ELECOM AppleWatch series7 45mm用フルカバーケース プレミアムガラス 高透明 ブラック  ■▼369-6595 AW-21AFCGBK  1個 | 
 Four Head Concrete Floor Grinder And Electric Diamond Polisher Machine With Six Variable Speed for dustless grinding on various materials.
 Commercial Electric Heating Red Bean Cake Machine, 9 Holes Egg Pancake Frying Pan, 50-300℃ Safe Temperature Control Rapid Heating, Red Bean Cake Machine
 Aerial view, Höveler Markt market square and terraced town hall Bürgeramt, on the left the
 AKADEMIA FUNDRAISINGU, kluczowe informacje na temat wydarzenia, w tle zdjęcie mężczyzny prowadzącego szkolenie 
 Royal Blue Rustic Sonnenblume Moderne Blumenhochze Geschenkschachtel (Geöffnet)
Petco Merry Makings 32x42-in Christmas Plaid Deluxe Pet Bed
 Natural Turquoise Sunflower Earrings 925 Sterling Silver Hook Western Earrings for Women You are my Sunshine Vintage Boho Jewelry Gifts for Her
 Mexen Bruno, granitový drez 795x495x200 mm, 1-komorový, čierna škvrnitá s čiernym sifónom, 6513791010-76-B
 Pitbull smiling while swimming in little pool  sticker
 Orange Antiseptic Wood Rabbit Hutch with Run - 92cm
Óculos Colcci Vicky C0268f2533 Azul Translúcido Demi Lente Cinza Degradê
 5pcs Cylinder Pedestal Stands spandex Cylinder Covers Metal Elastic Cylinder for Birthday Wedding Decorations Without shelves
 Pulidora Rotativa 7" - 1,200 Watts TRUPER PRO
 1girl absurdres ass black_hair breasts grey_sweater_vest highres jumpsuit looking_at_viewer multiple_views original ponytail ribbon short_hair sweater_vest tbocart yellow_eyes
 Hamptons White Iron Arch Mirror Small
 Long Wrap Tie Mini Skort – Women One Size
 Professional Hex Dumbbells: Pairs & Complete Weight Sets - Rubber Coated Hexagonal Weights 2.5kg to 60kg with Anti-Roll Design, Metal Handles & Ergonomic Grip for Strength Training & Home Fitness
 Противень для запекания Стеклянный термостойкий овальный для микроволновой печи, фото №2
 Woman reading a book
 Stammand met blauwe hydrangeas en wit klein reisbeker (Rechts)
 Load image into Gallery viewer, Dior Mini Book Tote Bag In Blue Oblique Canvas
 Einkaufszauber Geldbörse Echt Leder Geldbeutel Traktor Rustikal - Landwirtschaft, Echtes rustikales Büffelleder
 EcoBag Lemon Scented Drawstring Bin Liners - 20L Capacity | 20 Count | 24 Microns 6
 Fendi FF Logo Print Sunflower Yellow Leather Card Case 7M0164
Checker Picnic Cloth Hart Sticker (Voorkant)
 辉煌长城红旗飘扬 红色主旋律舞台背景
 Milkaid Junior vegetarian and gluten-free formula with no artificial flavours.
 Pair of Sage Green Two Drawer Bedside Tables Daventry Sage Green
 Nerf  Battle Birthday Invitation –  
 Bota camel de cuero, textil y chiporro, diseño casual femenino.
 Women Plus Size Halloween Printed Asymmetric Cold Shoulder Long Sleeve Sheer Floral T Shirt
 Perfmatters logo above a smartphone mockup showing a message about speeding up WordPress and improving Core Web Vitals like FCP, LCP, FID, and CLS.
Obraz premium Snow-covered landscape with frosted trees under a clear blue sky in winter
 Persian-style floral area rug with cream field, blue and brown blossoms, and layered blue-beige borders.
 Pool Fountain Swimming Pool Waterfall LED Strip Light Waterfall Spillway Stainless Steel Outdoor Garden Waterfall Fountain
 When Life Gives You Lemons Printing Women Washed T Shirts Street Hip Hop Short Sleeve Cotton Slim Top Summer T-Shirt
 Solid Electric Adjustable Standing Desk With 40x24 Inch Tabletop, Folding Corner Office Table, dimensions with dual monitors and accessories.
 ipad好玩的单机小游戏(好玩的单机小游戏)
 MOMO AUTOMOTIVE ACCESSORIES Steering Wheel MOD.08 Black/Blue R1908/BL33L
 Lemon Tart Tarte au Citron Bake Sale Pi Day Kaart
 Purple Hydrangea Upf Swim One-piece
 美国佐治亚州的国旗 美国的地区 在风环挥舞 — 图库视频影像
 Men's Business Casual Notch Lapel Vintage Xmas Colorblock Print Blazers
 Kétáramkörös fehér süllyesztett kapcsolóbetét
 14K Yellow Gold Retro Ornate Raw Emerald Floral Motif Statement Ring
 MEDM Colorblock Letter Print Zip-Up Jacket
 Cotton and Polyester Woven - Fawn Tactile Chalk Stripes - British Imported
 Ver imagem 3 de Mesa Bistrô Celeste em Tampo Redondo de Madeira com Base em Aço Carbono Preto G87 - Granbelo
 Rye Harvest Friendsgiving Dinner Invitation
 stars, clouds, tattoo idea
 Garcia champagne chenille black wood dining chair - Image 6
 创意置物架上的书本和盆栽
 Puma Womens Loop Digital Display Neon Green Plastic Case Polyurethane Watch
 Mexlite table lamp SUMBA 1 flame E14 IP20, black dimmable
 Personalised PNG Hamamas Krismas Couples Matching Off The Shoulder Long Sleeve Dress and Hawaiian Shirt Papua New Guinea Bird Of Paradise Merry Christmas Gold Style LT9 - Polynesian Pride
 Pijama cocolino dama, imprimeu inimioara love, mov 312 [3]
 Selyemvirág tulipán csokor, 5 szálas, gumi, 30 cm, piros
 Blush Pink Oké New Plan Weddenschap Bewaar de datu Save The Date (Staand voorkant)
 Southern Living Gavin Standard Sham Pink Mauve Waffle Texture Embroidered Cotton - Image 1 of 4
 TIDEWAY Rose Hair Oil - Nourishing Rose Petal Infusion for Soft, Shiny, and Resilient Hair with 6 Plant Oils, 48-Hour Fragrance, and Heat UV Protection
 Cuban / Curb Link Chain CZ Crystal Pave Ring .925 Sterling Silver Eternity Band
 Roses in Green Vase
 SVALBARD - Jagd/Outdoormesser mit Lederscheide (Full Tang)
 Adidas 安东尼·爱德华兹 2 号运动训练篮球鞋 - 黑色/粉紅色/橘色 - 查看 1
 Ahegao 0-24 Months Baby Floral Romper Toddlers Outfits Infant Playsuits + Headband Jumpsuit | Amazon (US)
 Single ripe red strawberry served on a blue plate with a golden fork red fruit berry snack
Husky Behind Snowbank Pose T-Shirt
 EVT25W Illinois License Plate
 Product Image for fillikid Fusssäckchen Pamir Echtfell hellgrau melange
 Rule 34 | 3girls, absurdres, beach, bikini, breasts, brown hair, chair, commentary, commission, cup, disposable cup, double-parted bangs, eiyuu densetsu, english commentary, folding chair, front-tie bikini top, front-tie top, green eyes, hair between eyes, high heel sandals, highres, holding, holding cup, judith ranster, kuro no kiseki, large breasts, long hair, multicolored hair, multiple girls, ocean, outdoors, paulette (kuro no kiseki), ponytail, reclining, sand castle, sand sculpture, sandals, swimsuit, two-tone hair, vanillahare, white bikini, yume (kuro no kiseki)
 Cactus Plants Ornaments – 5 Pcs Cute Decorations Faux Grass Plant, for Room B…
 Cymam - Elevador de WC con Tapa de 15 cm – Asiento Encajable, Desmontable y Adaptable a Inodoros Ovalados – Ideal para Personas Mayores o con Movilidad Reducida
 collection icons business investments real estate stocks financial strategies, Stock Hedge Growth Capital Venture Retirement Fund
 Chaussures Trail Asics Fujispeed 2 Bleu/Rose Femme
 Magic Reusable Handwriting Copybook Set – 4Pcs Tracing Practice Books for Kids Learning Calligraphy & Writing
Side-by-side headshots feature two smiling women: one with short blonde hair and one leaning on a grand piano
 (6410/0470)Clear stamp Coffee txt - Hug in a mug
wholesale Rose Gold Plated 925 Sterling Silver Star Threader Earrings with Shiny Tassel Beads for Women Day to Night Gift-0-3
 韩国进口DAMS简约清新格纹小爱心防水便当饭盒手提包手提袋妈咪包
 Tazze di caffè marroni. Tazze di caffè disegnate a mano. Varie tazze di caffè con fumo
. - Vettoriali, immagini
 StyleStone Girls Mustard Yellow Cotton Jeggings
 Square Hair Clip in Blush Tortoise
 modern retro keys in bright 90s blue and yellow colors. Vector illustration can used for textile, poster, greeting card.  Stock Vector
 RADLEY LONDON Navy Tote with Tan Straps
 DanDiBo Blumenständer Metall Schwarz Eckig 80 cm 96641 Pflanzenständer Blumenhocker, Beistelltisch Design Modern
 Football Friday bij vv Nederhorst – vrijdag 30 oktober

━━━━━━━━━━━━━━━━━━━━

### PROBLEM DESCRIPTION
Scan the entries above for the line containing "Bota camel de", and copy it and all lines after it exactly, down to and including the line containing "Selyemvirág tulipán csokor, 5".

### SOLUTION FOR THIS TASK
 Bota camel de cuero, textil y chiporro, diseño casual femenino.
 Women Plus Size Halloween Printed Asymmetric Cold Shoulder Long Sleeve Sheer Floral T Shirt
 Perfmatters logo above a smartphone mockup showing a message about speeding up WordPress and improving Core Web Vitals like FCP, LCP, FID, and CLS.
Obraz premium Snow-covered landscape with frosted trees under a clear blue sky in winter
 Persian-style floral area rug with cream field, blue and brown blossoms, and layered blue-beige borders.
 Pool Fountain Swimming Pool Waterfall LED Strip Light Waterfall Spillway Stainless Steel Outdoor Garden Waterfall Fountain
 When Life Gives You Lemons Printing Women Washed T Shirts Street Hip Hop Short Sleeve Cotton Slim Top Summer T-Shirt
 Solid Electric Adjustable Standing Desk With 40x24 Inch Tabletop, Folding Corner Office Table, dimensions with dual monitors and accessories.
 ipad好玩的单机小游戏(好玩的单机小游戏)
 MOMO AUTOMOTIVE ACCESSORIES Steering Wheel MOD.08 Black/Blue R1908/BL33L
 Lemon Tart Tarte au Citron Bake Sale Pi Day Kaart
 Purple Hydrangea Upf Swim One-piece
 美国佐治亚州的国旗 美国的地区 在风环挥舞 — 图库视频影像
 Men's Business Casual Notch Lapel Vintage Xmas Colorblock Print Blazers
 Kétáramkörös fehér süllyesztett kapcsolóbetét
 14K Yellow Gold Retro Ornate Raw Emerald Floral Motif Statement Ring
 MEDM Colorblock Letter Print Zip-Up Jacket
 Cotton and Polyester Woven - Fawn Tactile Chalk Stripes - British Imported
 Ver imagem 3 de Mesa Bistrô Celeste em Tampo Redondo de Madeira com Base em Aço Carbono Preto G87 - Granbelo
 Rye Harvest Friendsgiving Dinner Invitation
 stars, clouds, tattoo idea
 Garcia champagne chenille black wood dining chair - Image 6
 创意置物架上的书本和盆栽
 Puma Womens Loop Digital Display Neon Green Plastic Case Polyurethane Watch
 Mexlite table lamp SUMBA 1 flame E14 IP20, black dimmable
 Personalised PNG Hamamas Krismas Couples Matching Off The Shoulder Long Sleeve Dress and Hawaiian Shirt Papua New Guinea Bird Of Paradise Merry Christmas Gold Style LT9 - Polynesian Pride
 Pijama cocolino dama, imprimeu inimioara love, mov 312 [3]
 Selyemvirág tulipán csokor, 5 szálas, gumi, 30 cm, piros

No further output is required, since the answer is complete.